L’objectif Zéro Phyto a poussé certaines communes à revoir entièrement l’aménagement de leur cimetière pour optimiser le temps de travail des agents communaux. Les cimetières y ont gagné un nouveau visage, moins minéral, plus verdoyant. « Conjointement à notre participation aux Villes et Villages Fleuris, nous avons décidé de "renaturaliser" le cimetière » explique Jean-Michel Allirand, adjoint à l’environnement de la Queue-lez-Yvelines. Plutôt que de chercher à tout prix à désherber, la commune a enherbé les allées engravillonnées, en préservant un sol suffisamment compact pour le passage d’engins lourds. « Un mélange à base de fétuque ovine, sorte de gazon écologique à croissance lente caractéristique des Causses, et de trèfle pour fixer l’azote ». En complément, plusieurs parcelles ont été semées de prairies fleuries à base de fleurs locales 100% horticoles .
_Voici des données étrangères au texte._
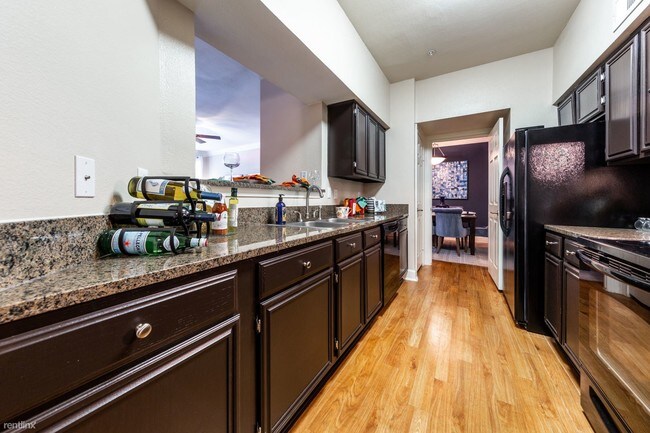 Building Photo - 2 br, 1 bath Flat - 5601 West Loop S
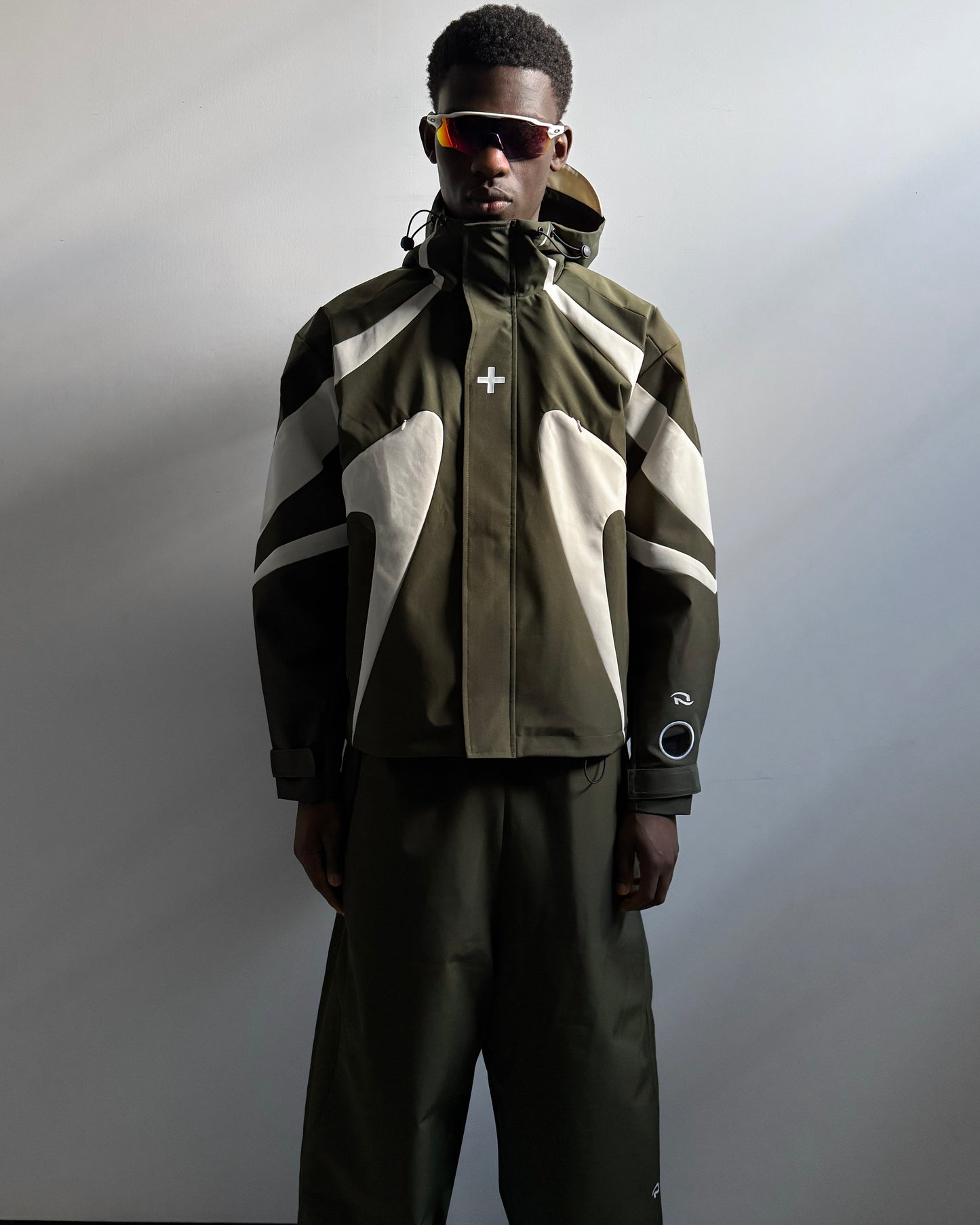 001. Lume Shell Jacket - Olive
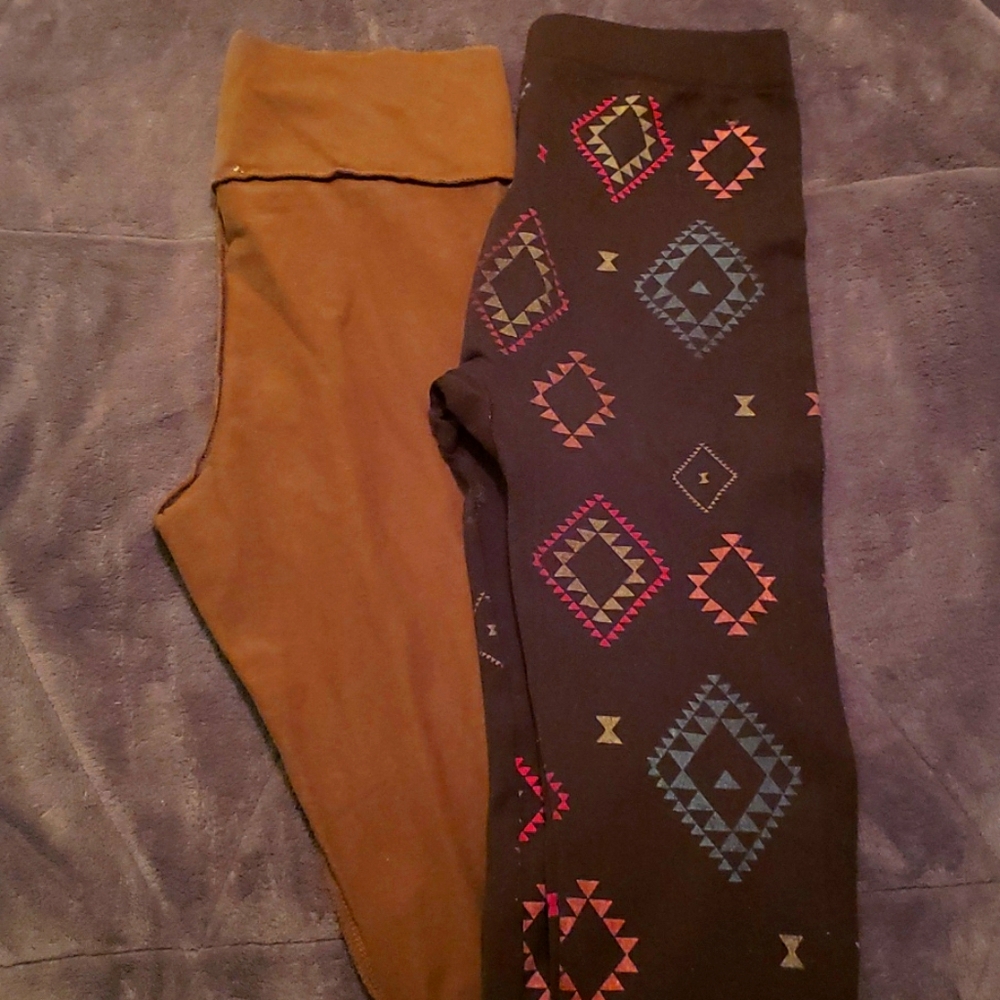 2 pairs of leggings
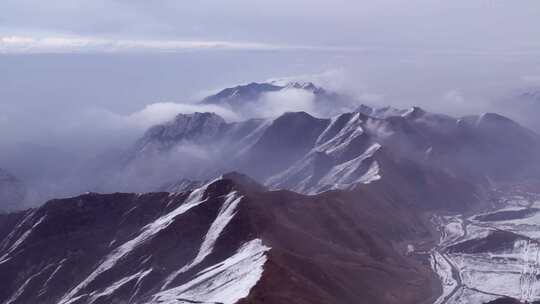 青海拉脊山雪山云雾航拍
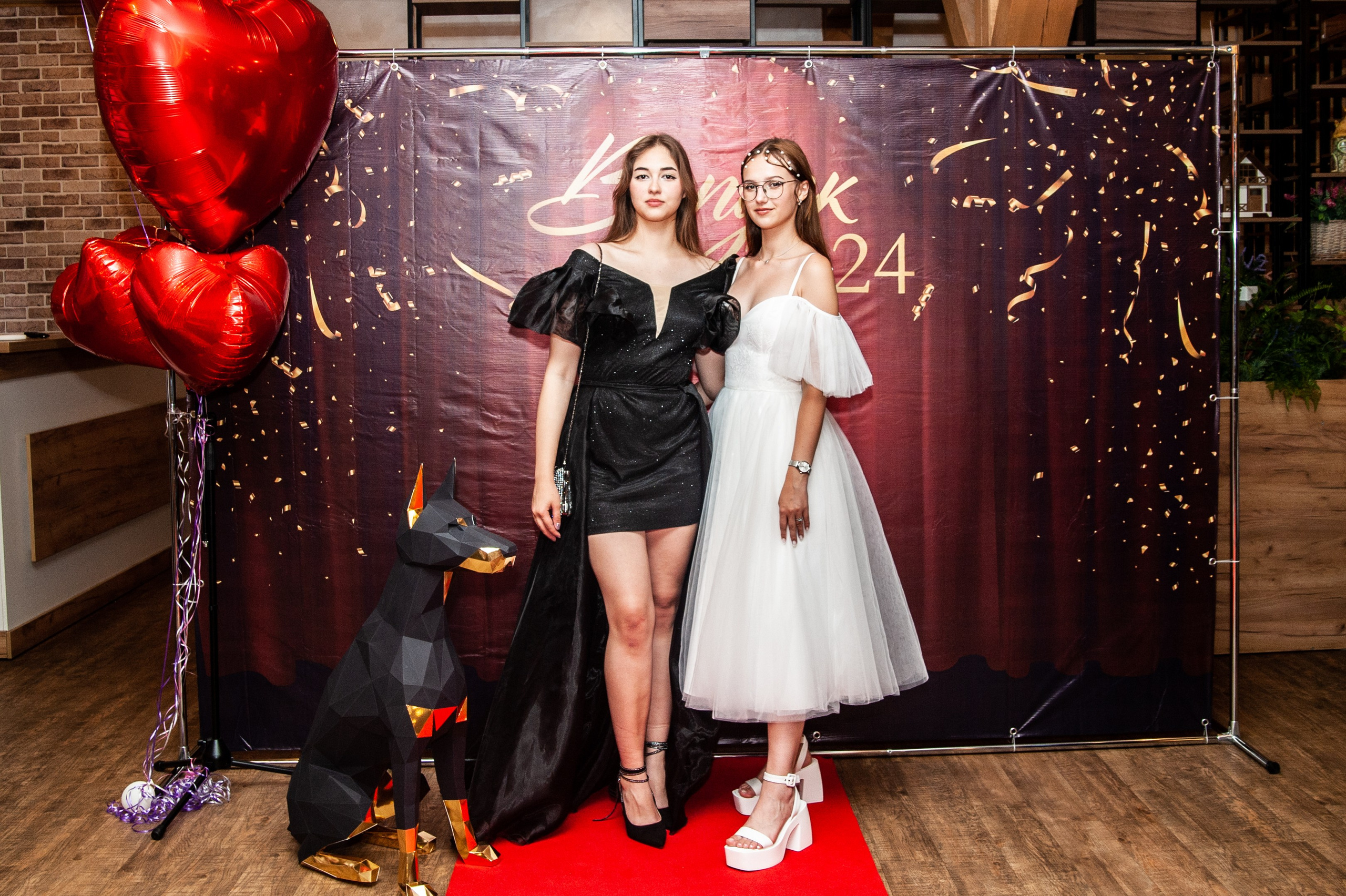 Выпускной МАОУ СОШ № 17 им. Эдуарда Есаяна. Свадебный и семейный фотограф Денис Лукьянов в Краснодаре, Краснодарском крае и Республике Крым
« L’essentiel est de bien communiquer dès le départ auprès des habitants d’autant qu’il faut une année complète pour que cela prenne forme » insiste J-M Allirand. « Il faut tenir le cap » confirme Mélanie Lassus, élue de Grosrouvre. « Pour cela, nous avons eu l’idée d’installer des petites pancartes, dans l’esprit d’un jardin des simples, pour visualiser les plantes à venir ». Il y a 2 ans, cette élue a eu l’idée d’un « jardin-cimetière, une sorte de jardin en mouvement selon l’idée de Gilles Clément, où l’on s’adapte autour de l’existant ». En résumé, laisser s’exprimer ce qui pousse naturellement et remplacer ce qui ne convient pas.
« On en a profité pour mettre en valeur des tombes anciennes constituant un patrimoine à préserver et restaurer un vieux mur transformé en columbarium ».
Et le 19 mai dernier, la commune de Grosrouvre a participé au Printemps des Cimetières, avec 4 visites commentées sur des thématiques différentes.
A Auffargis, on laisse les lichens se développer, en complétant par des retouches d’herbe endémique. A Choisel, le cimetière a été enherbé en 2015, la couche superficielle de gravillons a été enlevée et le sol a été fertilisé par mycorhization. Même les plus pessimistes des habitants ont été surpris par ce tapis verdoyant stable par tous les temps et qui ne nécessite que 3 ou 4 tontes par an. Ailleurs, des plantes vivaces et des tapis de sédum qui offrent un parfait couvre-sol. « On laisse le lierre courir entre les tombes, ce n’est pas un parasite, au contraire c’est un excellent garant de biodiversité » confirme Frédéric Montégut, adjoint responsable des travaux sur Choisel. Ici et là, cette nouvelle forme de gestion confère plus de responsabilité à l’agent technique en charge du cimetière.
« Désormais, il crée son jardin, il observe, fait des choix, conserve telle plante, supprime telle autre » constate Mélanie Lassus.